Bolsonaro e o papel da imprensa, por Juca Kfouri

Quando as duas tempestades passarem, a bolsominion e a do coronavírus, será preciso seguir em frente com o jornalismo vigilante, crítico, doa em quem doer

Está provado cientificamente que o papel de imprensa, por poroso, não significa risco de contaminação pelo coronavírus. Não obstante, recomenda-se lavar as mãos depois da leitura, como é recomendável várias vezes ao dia. Está também provado socialmente que o papel da imprensa segue intacto nos duros tempos vividos por todos nós – apesar dos vaticínios tresloucados de quem deveria governar o Brasil e se transformou, digamos, numa rainha da Inglaterra, ignorado pelos governadores e pela maioria do povo brasileiro.

“Vocês são uma espécie em extinção. Acho que vou botar os jornalistas do Brasil vinculados ao Ibama. Vocês são uma raça em extinção”, declarou Jair Messias Bolsonaro em janeiro último.

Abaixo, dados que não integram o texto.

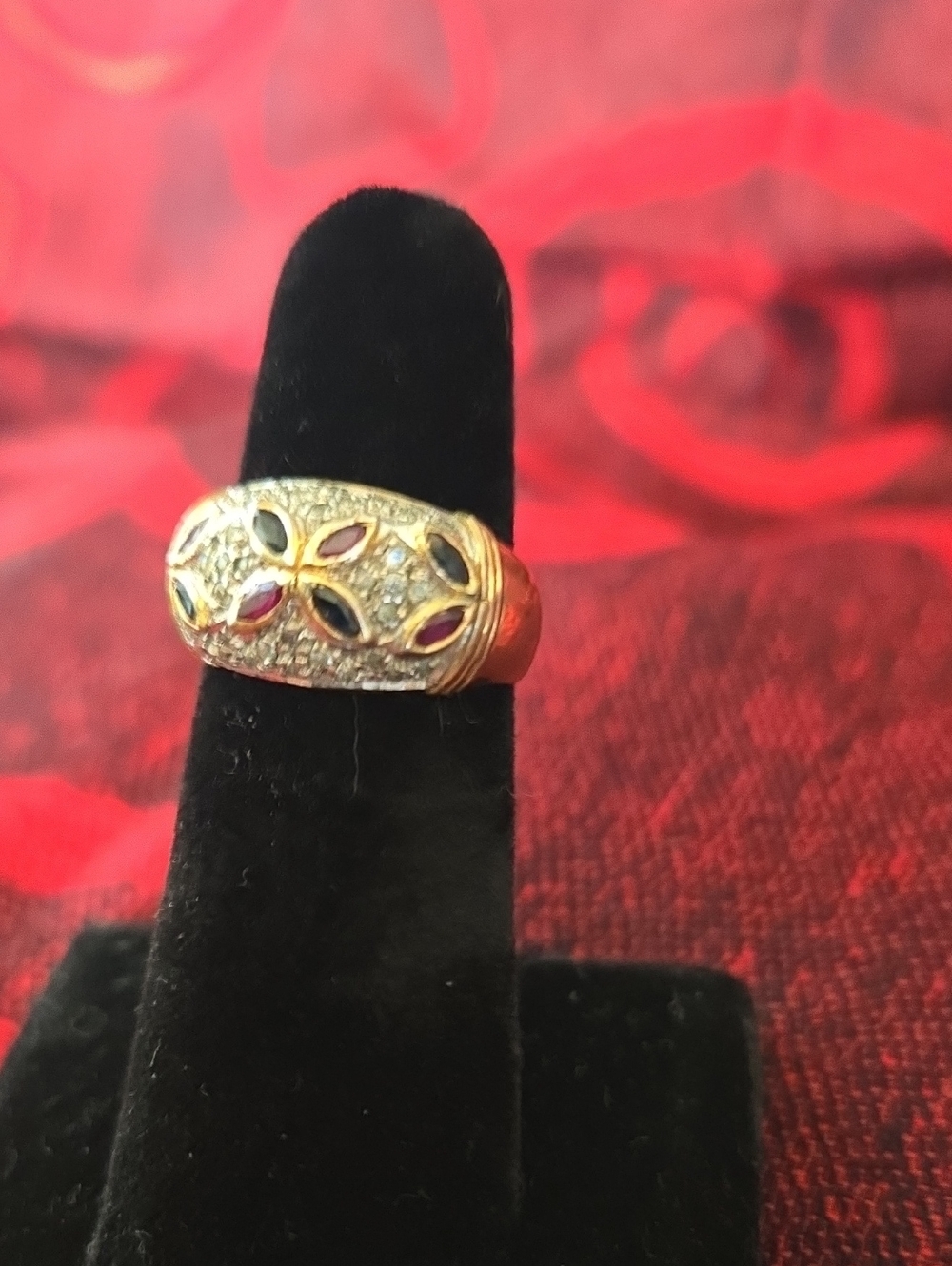 Modernist Sterling, Vermeil gold plated Ring, Sapphire, Ruby, diamond chip Pave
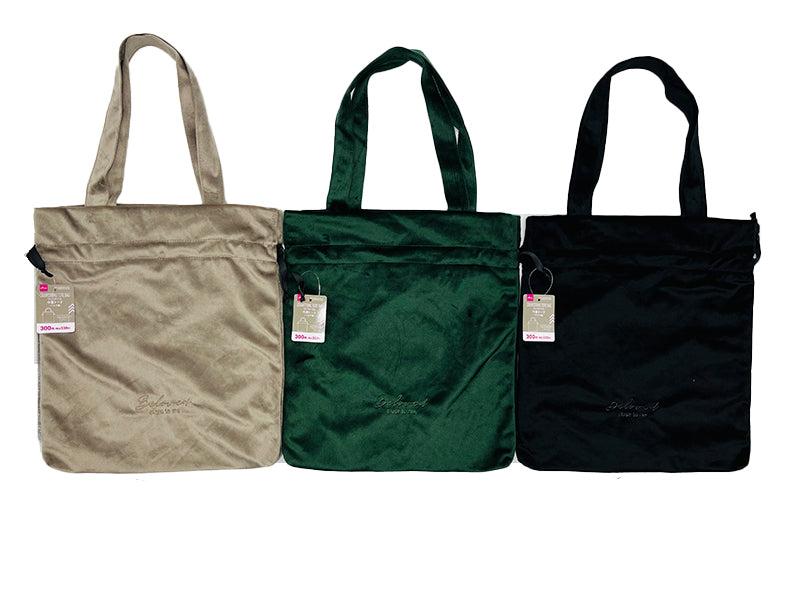 Velour-Like Drawstring Tote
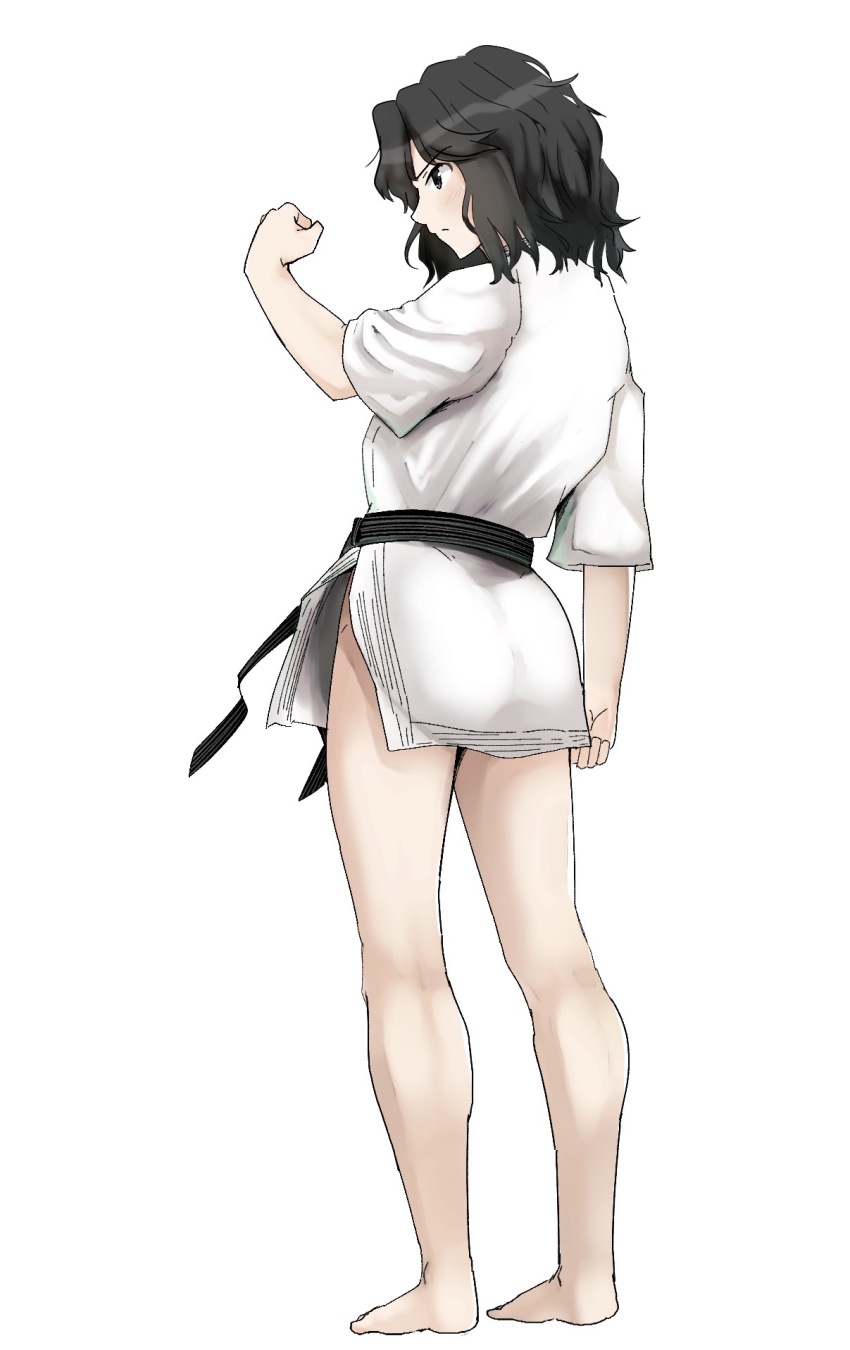 1girl amagami ass bare_legs barefoot belt black_belt black_eyes black_hair clenched_hands curly_hair dougi from_behind full_body gyuunyuu_pack_(tanaka) hand_up highres legs messy_hair profile short_sleeves simple_background solo standing tanamachi_kaoru wavy_hair white_background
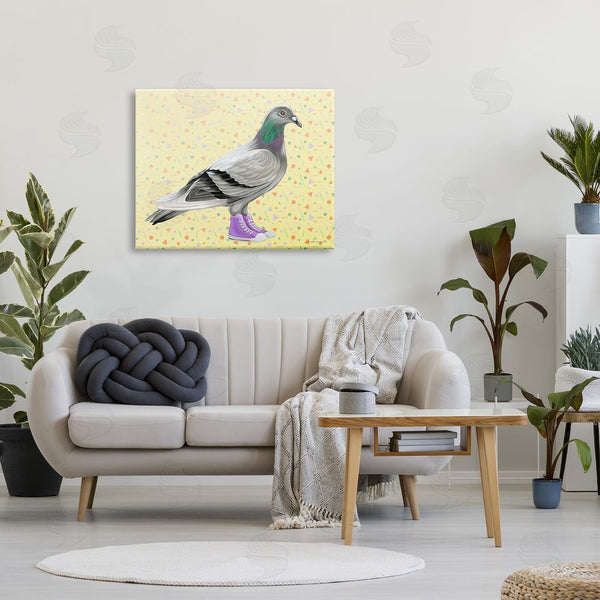 Stupell Industries Amelie Legault | Pigeon In Purple Sneakers Retro Patterned Background Wall Art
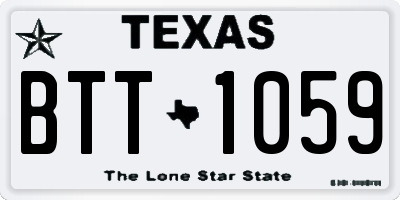 TX license plate BTT1059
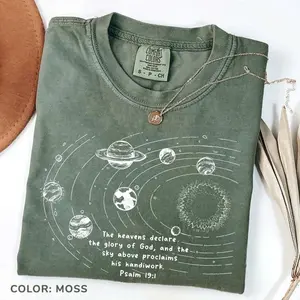 Comfort Colors Psalm 19:1 Space Planets Tee, Christian Cycle 2 T-Shirt, Faithful Religious Retro Graphic Tee Gift for Believers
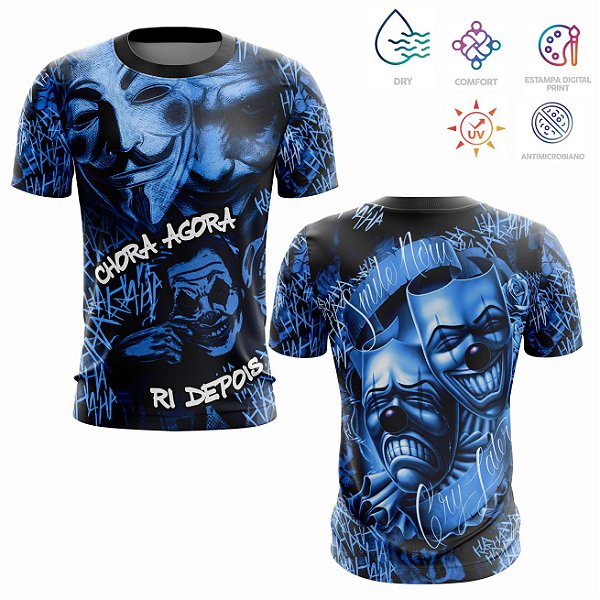 Camiseta de Quebrada Chora Agora Ri Depois Azul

Curioso, o miliciano que mora no Palácio da Alvorada. Ainda antes de ser eleito, com apoio da maior parte dos meios de comunicação, ele desdenhava do jornalismo certo de que seus seguidores nas redes antissociais eram suficientes para conduzi-lo ao trono e revelar a verdade, aquela, só aquela que o libertará, como ele gosta de papaguear (João 8:32).

Com evidente dificuldade na arte da leitura – basta observar o tatibitate de seus pronunciamentos lidos –, Bolsonaro cai em contradição permanente ao desdenhar do jornalismo ao mesmo tempo em que o critica sempre que abre a boca que deveria manter fechada para não dar bom dia a cavalo.

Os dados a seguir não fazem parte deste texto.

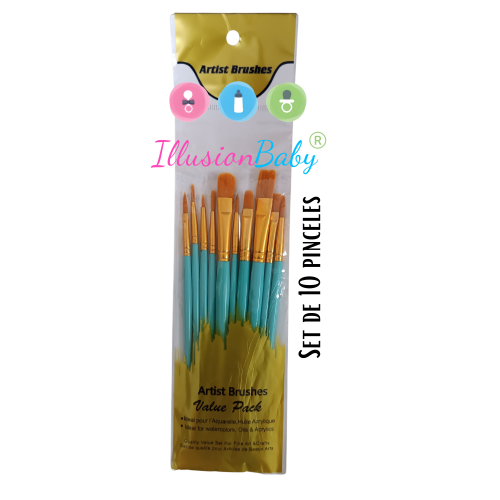 Set de 10 pinceles, el color puede variar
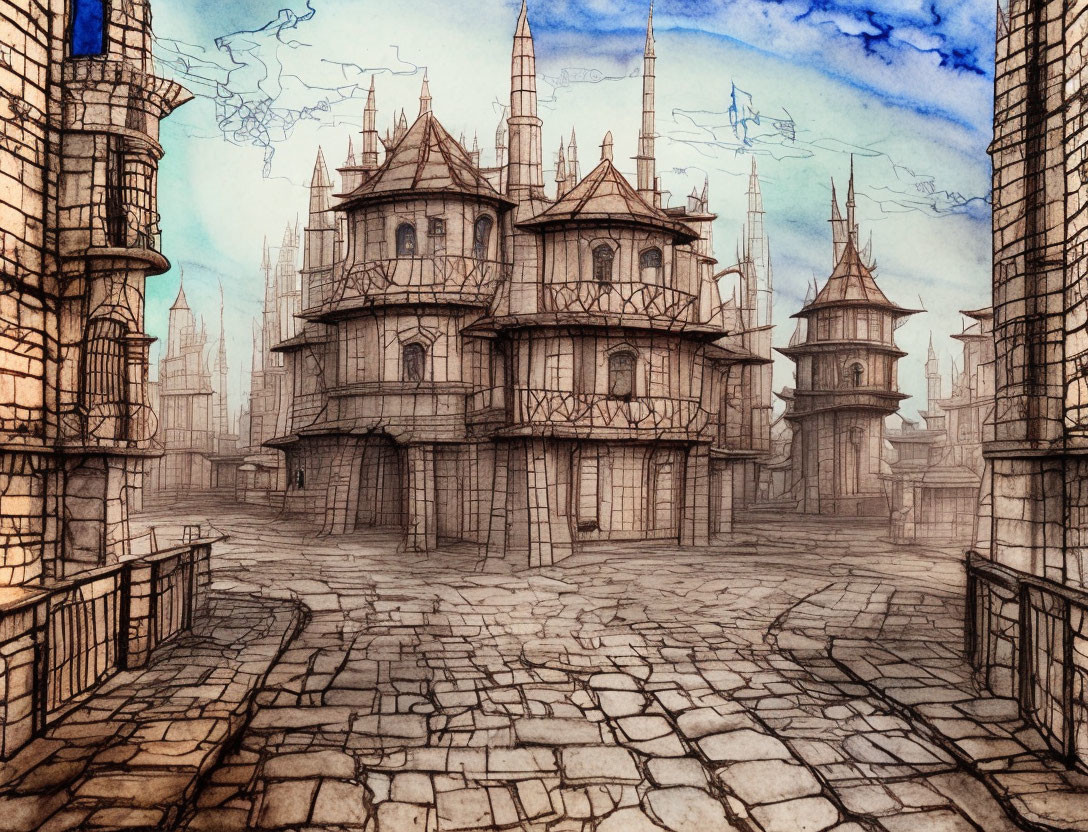 Fantasy medieval town with cobblestone streets and wooden multi-story buildings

Detesta esta Folha, não lê esta Folha, proíbe esta Folha, mas não passa um dia sem citar… esta Folha. “Por si só esse jornal se acabou. Não tem prestígio mais nenhum. Quase todas as fake news que se voltaram contra mim partiram da Folha de S.Paulo”, disse ao Jornal Nacional em outubro de 2018. Pois não é que o diário que “acabou” segue como alvo cotidiano do ódio presidencial?

Com o que chegamos à conclusão de que além de complexo de perseguição, o presidente que ninguém obedece, nem a extrema-direita em quarentena, acredita em fantasmas. E em que o inferno são os outros.

Porque em outubro de 2019 foi a Rede Globo que entrou em sua mira, ao acusá-la em pronunciamento feito na Arábia Saudita, com a educação que o caracteriza: “Vocês, TV Globo, o tempo inteiro infernizam a minha vida, porra!”. Mas a mamata não havia acabado? A Globo não é um zoológico dos tais “animais em extinção”? Como sobrevive, como incomoda tanto?

O melhor termômetro do desempenho de qualquer veículo é quando causa 42 graus na raiva dos poderosos, porque jornalismo é oposição, não um armazém de secos e molhados, como dizia Millôr Fernandes. Neste tempo entre parênteses, expressão usada com tremenda felicidade por Sérgio Rodrigues para definir estes dias de isolamento, conforta-nos ver a imprensa ativa e constatar a ressurreição da Associação Brasileira de Imprensa, a ABI, em defesa da democracia, da liberdade de expressão e da sensatez.

Claro que sempre tem o outro lado, e é bom que assim seja. Porque você tem desde o jornalista cuja visão de mundo o leva a dar piruetas para defender o indefensável até o sabujo que faz pó de sua biografia. É do jogo.

Quando as duas tempestades passarem, a bolsominion e a do coronavírus, será preciso seguir em frente com o jornalismo vigilante, crítico, doa em quem doer. E quem o acompanhar deverá ter sempre a medida de que bajular não é vocação da imprensa. Até quem você gosta precisa ser criticado.